Entertaining, enlightening and downright soul destroying answers have been pouring in for the “Why do people cheat?” contest. My panel of experts is looking for insight into the question of the century, so email your words of wisdom to help@dearmisskitty.com A prize? Dinner with me, or your own date, at Fresco at the Beach. Your answer will be published in the Valentine’s Day edition of the Daily Sound.

Friday, February 2, 2007

Fantasy, Frontier and “Practical Land”

If successful relationships were easy, every one would have one. Isn’t that what they used to say about everything other than a relationship? It seems as though it was easier to find work during the Depression than a lifelong partner in this day and age. The truly- successful- happily- ever-after relationship is akin to discovering a new and very distant planet, with life on it. Good, maybe there is someone on it to date!

Our excellent dating credentials don’t guarantee anything and what does it take for someone to recognize that we are good catch? Not a good catch of the day. You would think that someone, like Walt Disney, gifted at fantasy and business would have had it figured out. Did he have a bad ride in “Fantasyland”? Maybe that explains his “Frontier Land” approach to relationships. He managed to slip many of his unsuspecting teen brides into the waiting arms of teen princes without the supposed puritanical 50’s audience ever batting a false eyelash. All those girls had to do was lose a shoe, fall asleep or take fruit from a stranger to get a guy. None of those actions were very proactive! Holy $8 ice cream bar Batman, does acting dumb actually work?

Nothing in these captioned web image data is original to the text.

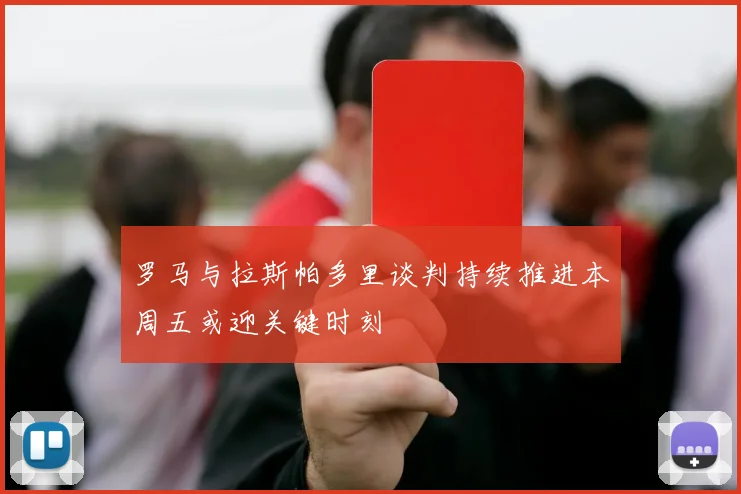 罗马与拉斯帕多里谈判持续推进本周五或迎关键时刻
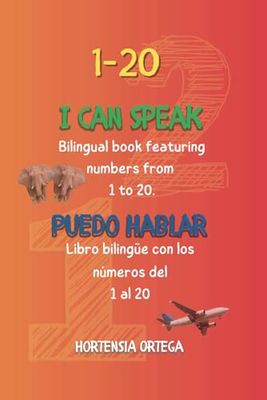 I Can Speak: 1-20. Puedo Hablar: 1-20.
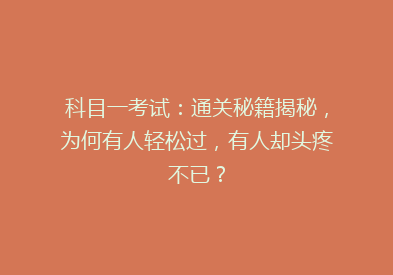 科目一考试：通关秘籍揭秘，为何有人轻松过，有人却头疼不已？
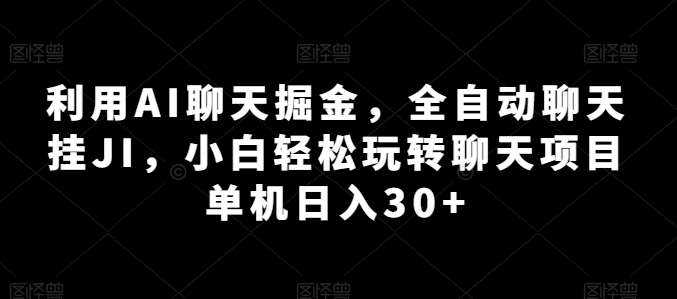 利用AI聊天掘金，全自动聊天挂JI，小白轻松玩转聊天项目 单机日入30+【揭秘】插图零零网创资源网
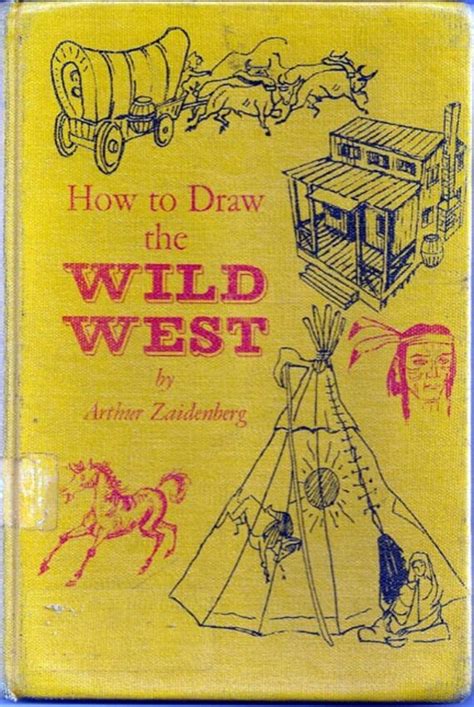 How To Draw The Wild West Childrens Vintage How To By Faustopia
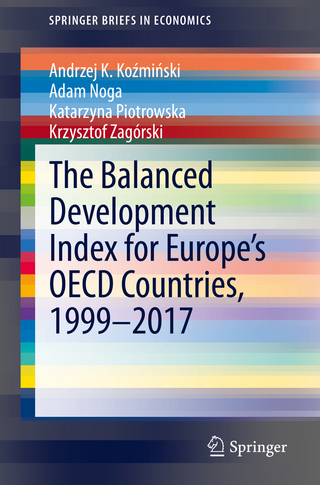 The Balanced Development Index for Europe’s OECD Countries, 1999–2017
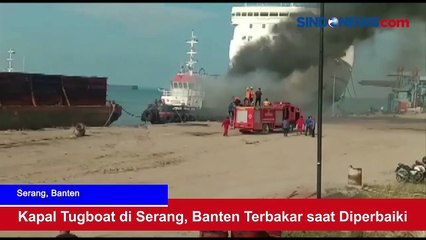 Kapal Tugboat di Serang, Banten Terbakar saat Diperbaiki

The simplest ride at Disneyland, “It’s a Small World”, is also the most popular. Really! Men line up for hours just to sit in a little boat, being rocked by gentle waters, doing absolutely nothing. They are surrounded by beautiful girls, scantily clad in their native costumes. Oh yes, and they are all about waist high. It’s like watching the Super Bowl just for the Half Time Show. Is being a grown up, with grown up expectations, aspirations, and a life to take care of, just too much work?

Except for the Fallible Fairies, Evil Stepmothers, and Wicked Witches, there are no “women” of substance to help Cinderella, Snow White, Beauty, Jasmine, and The Little Mermaid. The tender teens are on their own with no moms. Alright, Dumbo had a mom, but she was taken away in chains and I can’t even go into the Bambi thing! The boys don’t get an E ticket ride either. Prince Charming never mentions his parents; Aladdin is an orphan and Peter Pan? A love- hate relationship with an older man with a hook. Miss K’s favorite? A 16 year old teen living with 7 guys, all with a size complex!

You know that popcorn shouldn’t cost $9, but if you have never seen or experienced a healthy and normal adult relationship, would you know it if you had it? You don’t learn much about life singing to blue birds and wearing big dresses in the woods. The only advice you get from talking chipmunks is where to hide your nuts.

Take off your mouse ears, boys and girls; it is time to leave the theme park and don’t take the pumpkin, you will smell bad and get seeds in your hair. Living a fantasy is really chaos in the making. It is the everyday that ultimately counts, so don’t be shy about sharing 3 years of tax returns, a clean bill of health and meeting the friends and family early. “Practical Land” is worth standing in line for and you know what happens after you do dishes together…

Have a naughty day!

Entertaining, enlightening and downright soul destroying answers have been pouring in for the “Why do people cheat?” contest. My panel of experts is looking for insight into the question of the century, so email your words of wisdom to help@dearmisskitty.com A prize? Dinner with me, or your own date, at Fresco at the Beach. Your answer will also be published in the Valentine’s Day edition of the Daily Sound.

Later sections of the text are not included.